>>>

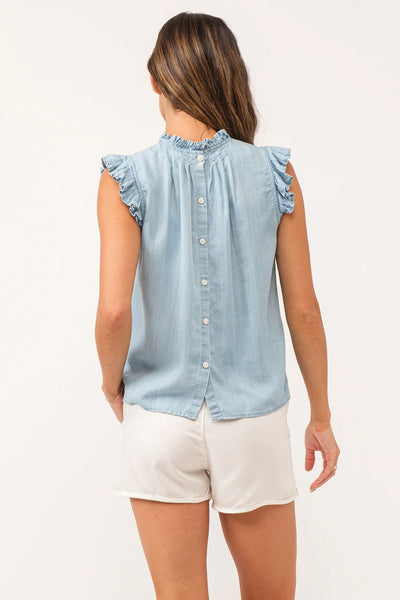 Clarin Top - Perfect Blue FINAL SALE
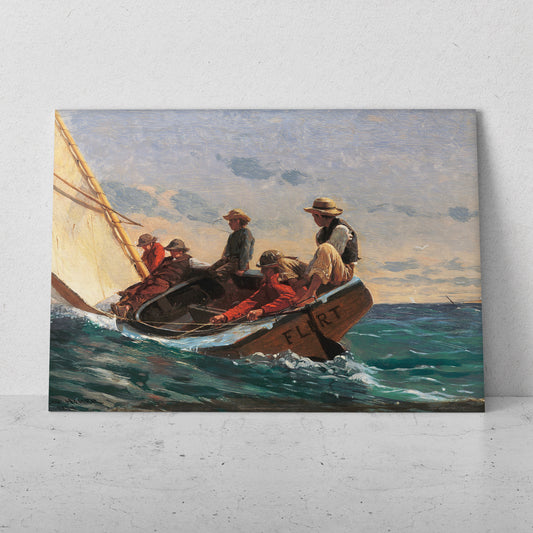 El Coqueteo - Winslow Homer (Horizontal)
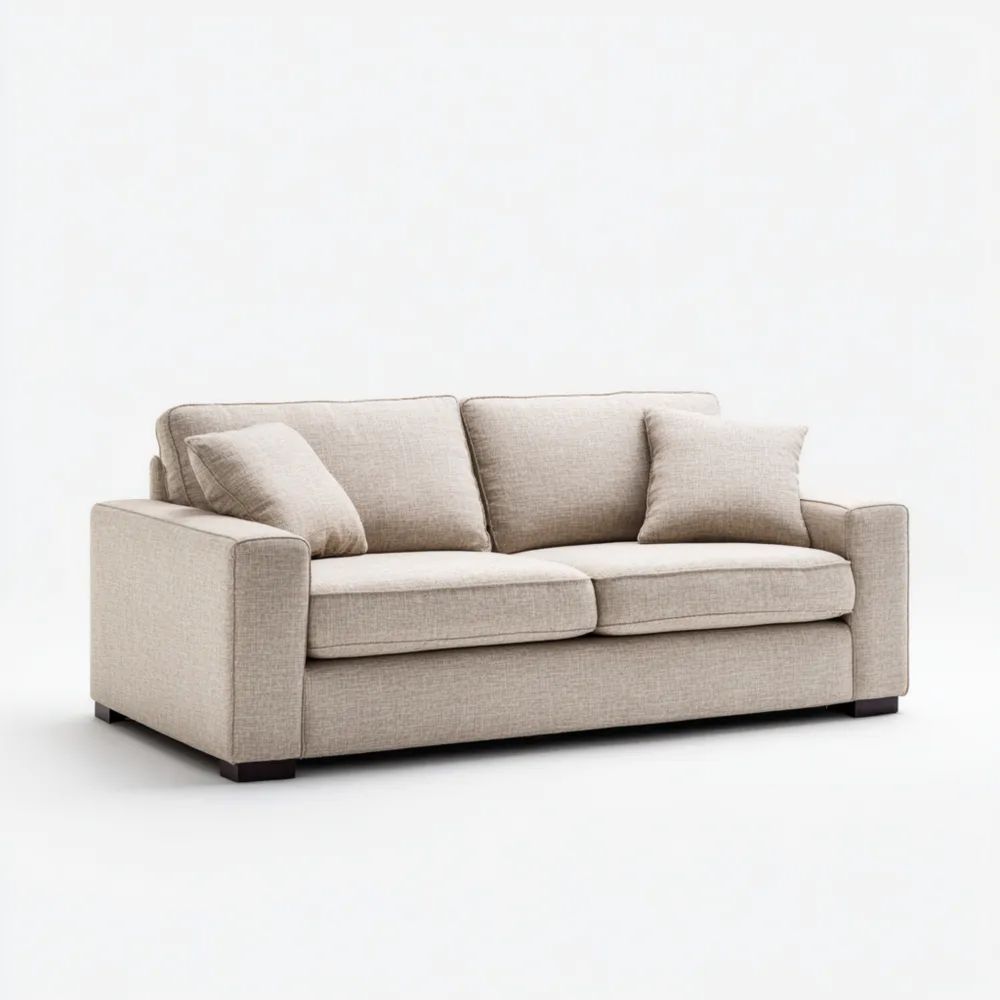 2-Sitzer-Sofa Stoff 200x95x85 cm - Beige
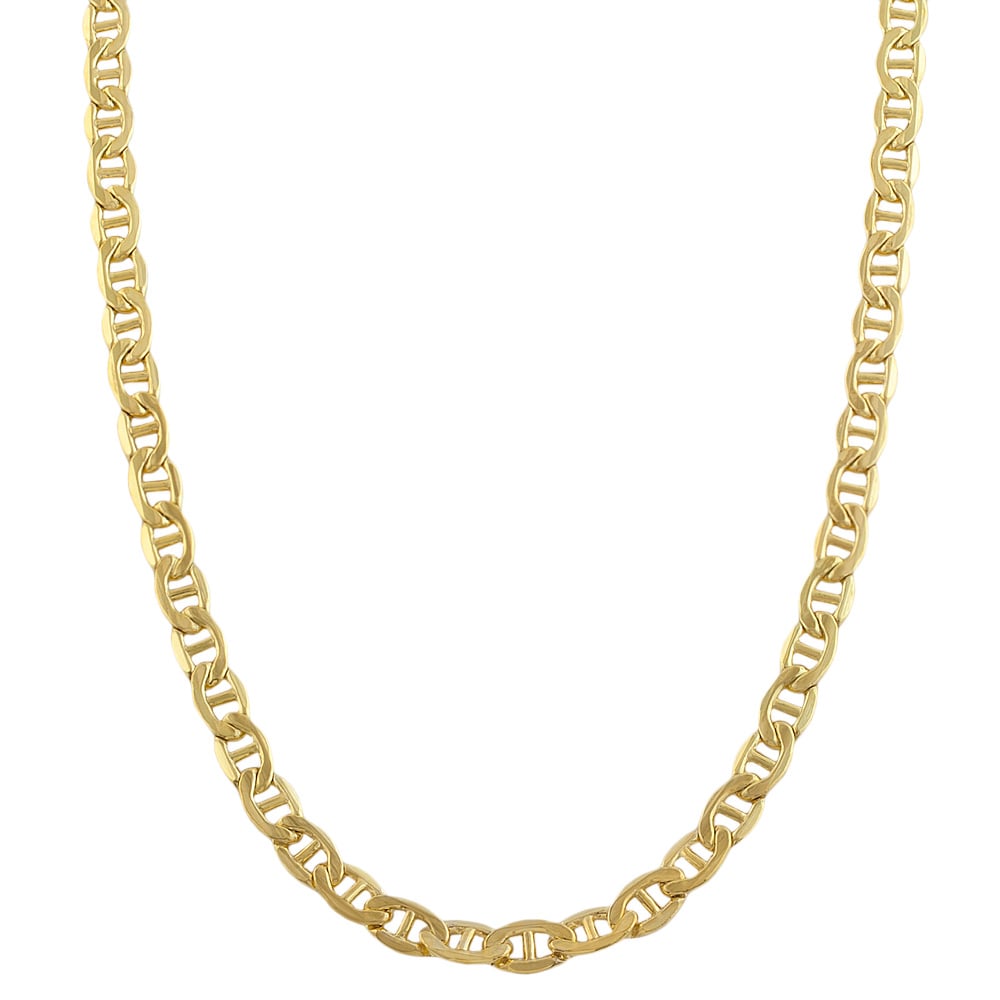 Fremada 14K Yellow Gold Filled Mariner Link Chain Necklace 18 36 Inch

<<<

Skip the pictures, then retype every line above exactly.

### Answer to this problem
 Clarin Top - Perfect Blue FINAL SALE
 El Coqueteo - Winslow Homer (Horizontal)
 2-Sitzer-Sofa Stoff 200x95x85 cm - Beige
 Fremada 14K Yellow Gold Filled Mariner Link Chain Necklace 18 36 Inch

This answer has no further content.